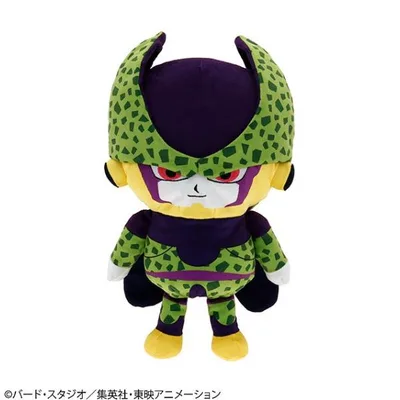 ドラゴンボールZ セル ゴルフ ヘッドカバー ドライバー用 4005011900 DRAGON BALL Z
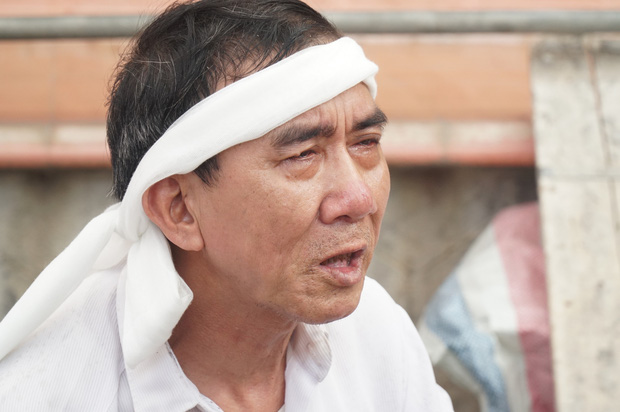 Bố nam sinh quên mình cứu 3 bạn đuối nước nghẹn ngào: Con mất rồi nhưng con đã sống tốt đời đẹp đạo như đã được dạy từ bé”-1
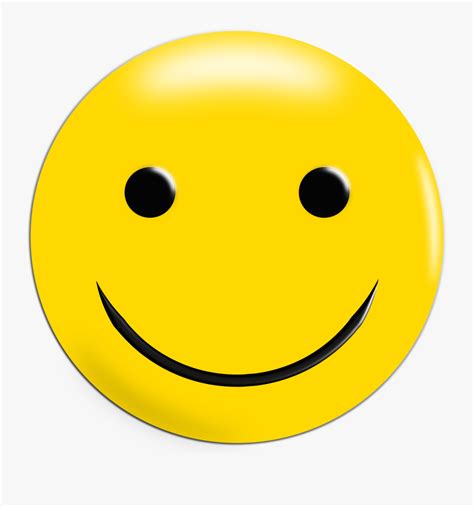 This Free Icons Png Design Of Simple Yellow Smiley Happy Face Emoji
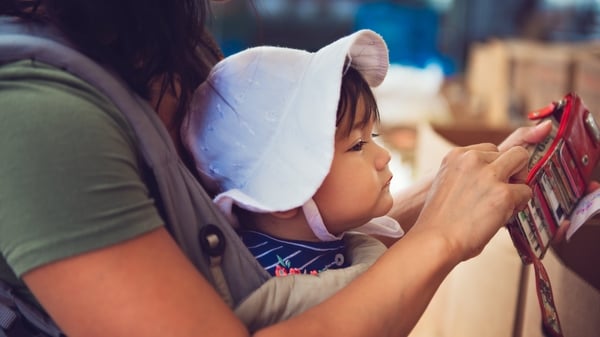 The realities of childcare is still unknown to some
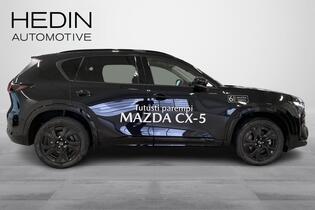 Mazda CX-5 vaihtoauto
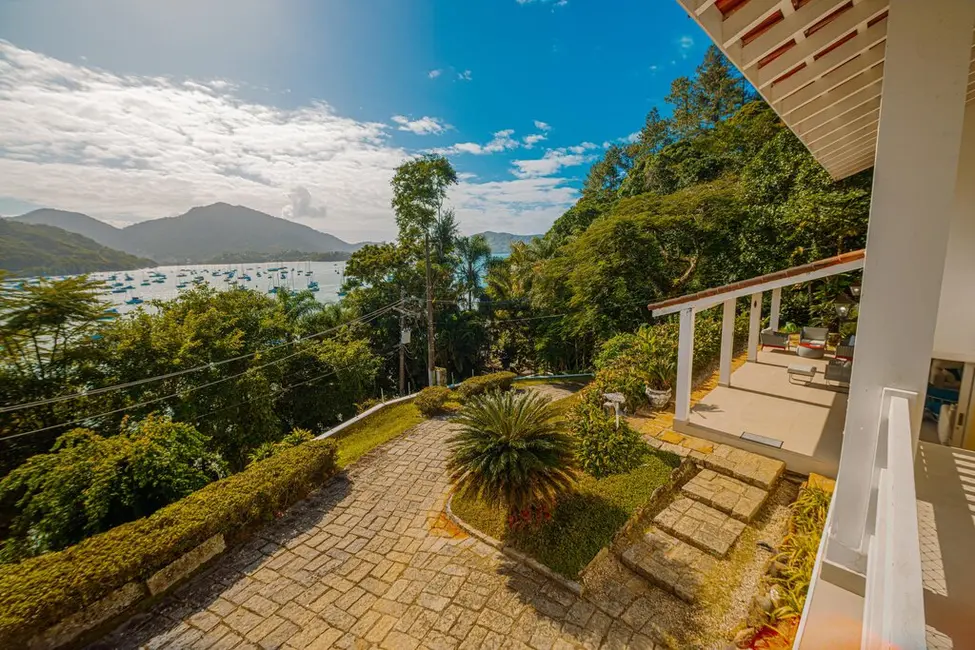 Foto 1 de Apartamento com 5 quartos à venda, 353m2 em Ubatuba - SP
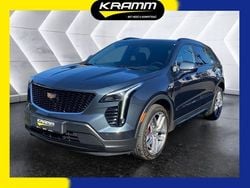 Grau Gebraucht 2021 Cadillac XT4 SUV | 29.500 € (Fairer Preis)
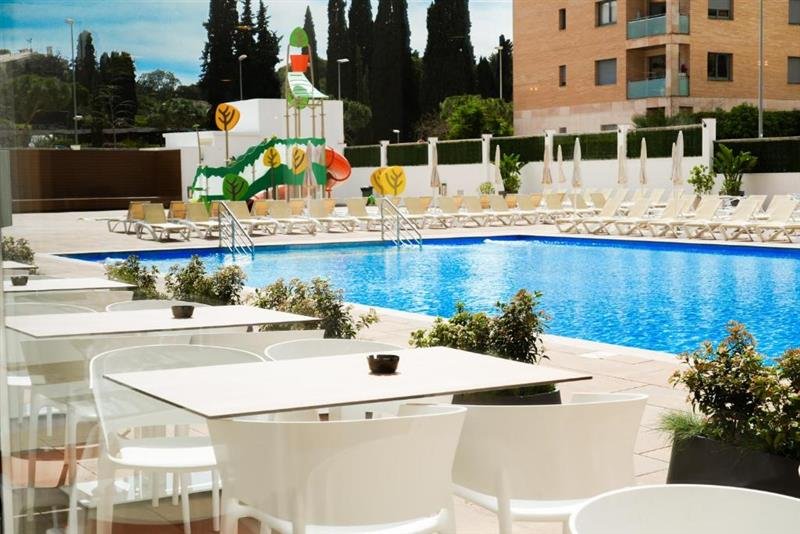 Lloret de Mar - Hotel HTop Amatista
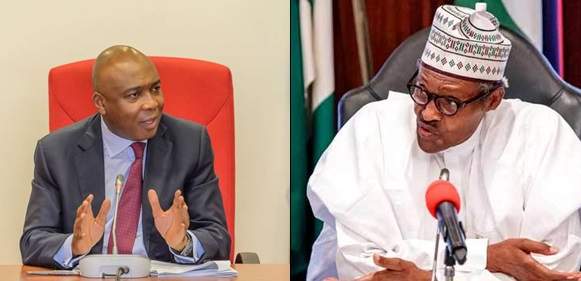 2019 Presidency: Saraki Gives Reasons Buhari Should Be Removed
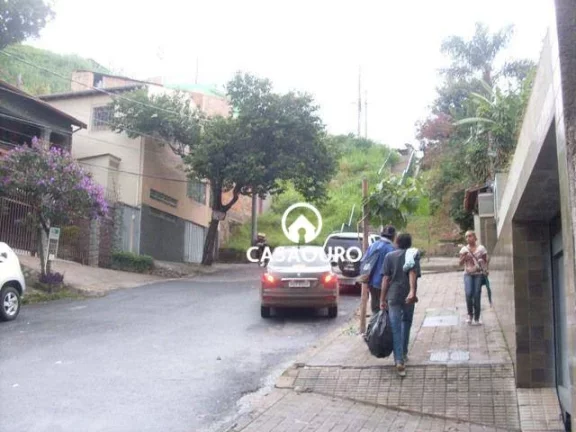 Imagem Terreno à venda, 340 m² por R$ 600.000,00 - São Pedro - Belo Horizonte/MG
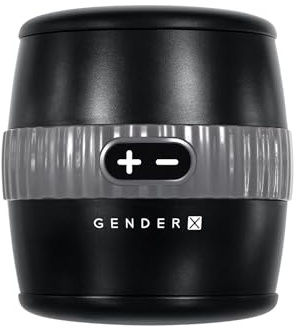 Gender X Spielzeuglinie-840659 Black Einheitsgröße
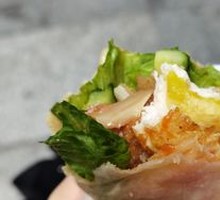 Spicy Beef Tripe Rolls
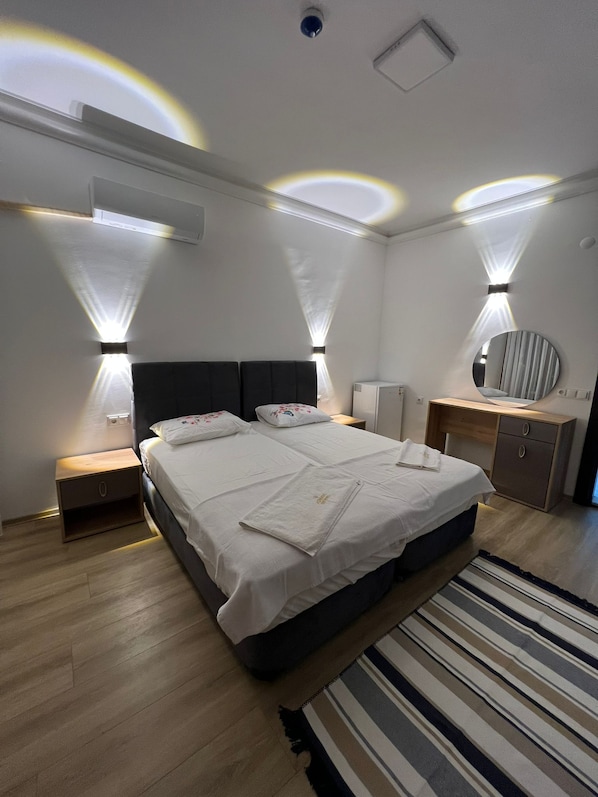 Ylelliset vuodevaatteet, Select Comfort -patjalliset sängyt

_ _ _

### What to produce
Retype the listing above exactly, please. Pictures do not belong in the copy.

### Answer section
 ドラゴンボールZ セル ゴルフ ヘッドカバー ドライバー用 4005011900 DRAGON BALL Z
 Bố nam sinh quên mình cứu 3 bạn đuối nước nghẹn ngào: Con mất rồi nhưng con đã sống tốt đời đẹp đạo như đã được dạy từ bé”-1
 This Free Icons Png Design Of Simple Yellow Smiley Happy Face Emoji
 The realities of childcare is still unknown to some
 Mazda CX-5 vaihtoauto
 Foto 1 de Apartamento com 5 quartos à venda, 353m2 em Ubatuba - SP
 Grau Gebraucht 2021 Cadillac XT4 SUV | 29.500 € (Fairer Preis)
 Lloret de Mar - Hotel HTop Amatista
 2019 Presidency: Saraki Gives Reasons Buhari Should Be Removed
 Imagem Terreno à venda, 340 m² por R$ 600.000,00 - São Pedro - Belo Horizonte/MG
 Gender X Spielzeuglinie-840659 Black Einheitsgröße
 Spicy Beef Tripe Rolls
 Ylelliset vuodevaatteet, Select Comfort -patjalliset sängyt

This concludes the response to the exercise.